Do you have bright ideas? Ideas for inventions that change society or, at least, make life easier for somebody? Perhaps we all do sometimes, but we don’t often make the idea a reality. Recently, in Britain, there was a competition called British Designers for Tomorrow. The competition encouraged young people to carry out their bright ideas. There were two groups in the contest: Group One was for schoolchildren under 16; Group Two was for schoolchildren over 16. And there were eleven prize-winners altogether.

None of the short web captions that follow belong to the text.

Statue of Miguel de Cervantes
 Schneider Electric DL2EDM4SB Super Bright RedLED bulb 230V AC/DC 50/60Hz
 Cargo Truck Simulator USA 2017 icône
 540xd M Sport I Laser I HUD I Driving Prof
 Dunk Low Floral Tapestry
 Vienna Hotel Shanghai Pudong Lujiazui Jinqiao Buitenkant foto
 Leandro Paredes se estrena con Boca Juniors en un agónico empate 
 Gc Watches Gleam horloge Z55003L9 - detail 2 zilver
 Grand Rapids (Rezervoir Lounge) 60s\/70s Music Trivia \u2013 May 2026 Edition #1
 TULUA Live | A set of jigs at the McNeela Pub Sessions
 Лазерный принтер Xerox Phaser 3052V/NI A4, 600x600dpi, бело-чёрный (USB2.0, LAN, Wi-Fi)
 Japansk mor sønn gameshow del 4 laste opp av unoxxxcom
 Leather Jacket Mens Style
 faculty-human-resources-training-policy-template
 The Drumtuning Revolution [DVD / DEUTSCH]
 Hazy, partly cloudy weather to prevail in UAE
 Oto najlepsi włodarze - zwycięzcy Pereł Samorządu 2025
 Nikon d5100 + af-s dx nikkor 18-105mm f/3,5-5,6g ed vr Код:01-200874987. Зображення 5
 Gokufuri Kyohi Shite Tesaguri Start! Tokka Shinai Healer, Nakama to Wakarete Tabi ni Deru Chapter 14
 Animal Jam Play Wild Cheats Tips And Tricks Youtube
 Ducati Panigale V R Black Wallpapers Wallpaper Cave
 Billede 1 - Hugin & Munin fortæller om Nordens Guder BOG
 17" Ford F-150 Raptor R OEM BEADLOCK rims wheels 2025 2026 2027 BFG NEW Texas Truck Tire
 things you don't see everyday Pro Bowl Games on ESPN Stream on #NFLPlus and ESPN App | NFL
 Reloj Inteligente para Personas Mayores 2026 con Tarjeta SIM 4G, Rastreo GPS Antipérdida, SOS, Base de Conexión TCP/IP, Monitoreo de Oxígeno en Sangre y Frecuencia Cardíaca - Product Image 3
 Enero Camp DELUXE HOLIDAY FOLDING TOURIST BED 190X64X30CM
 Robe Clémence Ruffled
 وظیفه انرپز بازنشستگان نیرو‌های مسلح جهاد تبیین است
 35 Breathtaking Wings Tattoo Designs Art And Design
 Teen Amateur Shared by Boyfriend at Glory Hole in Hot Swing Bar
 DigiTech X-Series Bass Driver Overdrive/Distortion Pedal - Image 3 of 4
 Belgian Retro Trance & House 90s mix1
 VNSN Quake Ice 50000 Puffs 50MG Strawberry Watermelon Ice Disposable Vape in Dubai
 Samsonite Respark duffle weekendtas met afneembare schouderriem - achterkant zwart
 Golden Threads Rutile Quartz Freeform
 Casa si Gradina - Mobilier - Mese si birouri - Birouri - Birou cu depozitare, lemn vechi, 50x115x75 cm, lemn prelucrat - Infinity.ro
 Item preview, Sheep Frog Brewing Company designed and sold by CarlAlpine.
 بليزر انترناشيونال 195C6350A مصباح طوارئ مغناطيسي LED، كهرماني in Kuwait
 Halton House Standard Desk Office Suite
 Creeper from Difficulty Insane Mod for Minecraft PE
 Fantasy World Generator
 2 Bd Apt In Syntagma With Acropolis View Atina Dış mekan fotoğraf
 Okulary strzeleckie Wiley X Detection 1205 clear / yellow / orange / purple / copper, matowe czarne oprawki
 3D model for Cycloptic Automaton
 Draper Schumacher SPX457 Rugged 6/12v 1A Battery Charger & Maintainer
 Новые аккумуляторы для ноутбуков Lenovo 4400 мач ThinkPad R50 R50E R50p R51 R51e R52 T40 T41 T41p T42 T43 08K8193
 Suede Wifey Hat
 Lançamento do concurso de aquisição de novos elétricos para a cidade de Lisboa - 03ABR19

Neil Hunt, one of the prize-winners, was called “Sunshine Superman” by one newspaper writing about his design. It’s important, when people study the weather, to be able to record sunshine accurately. We need to know how many hours of sunshine we have and how strong it is. Most sunshine recorders only record direct sunlight. Neil’s is more accurate and this is very important for research into ways of using solar power. With his prize of ￡100, Neil plans to carry on inventing.
You can do so much with animation. Look at Simon West’s idea for animated road signs. He uses pictures which appear to move as you go nearer to or farther from them. This isn’t a new idea. But it is new to use these pictures on road signs. “We found that people were more likely to see moving signs,” said Simon. So now, you can really see rocks falling, trains moving, horses galloping or a car falling over the edge of a cliff. Quite a warning!
The ideas in the competition were so inventive that we are surprised that British industry doesn’t ask more schoolchildren for suggestions. Perhaps this will be the start of “pupil power”!
【題組】What was carried out recently in Britain?
(A)A competition in industry.
(B)A competition for 11 prize-winners.
(C)A competition among schoolchildren.
(D)A competition called British Designers for Tomorrow.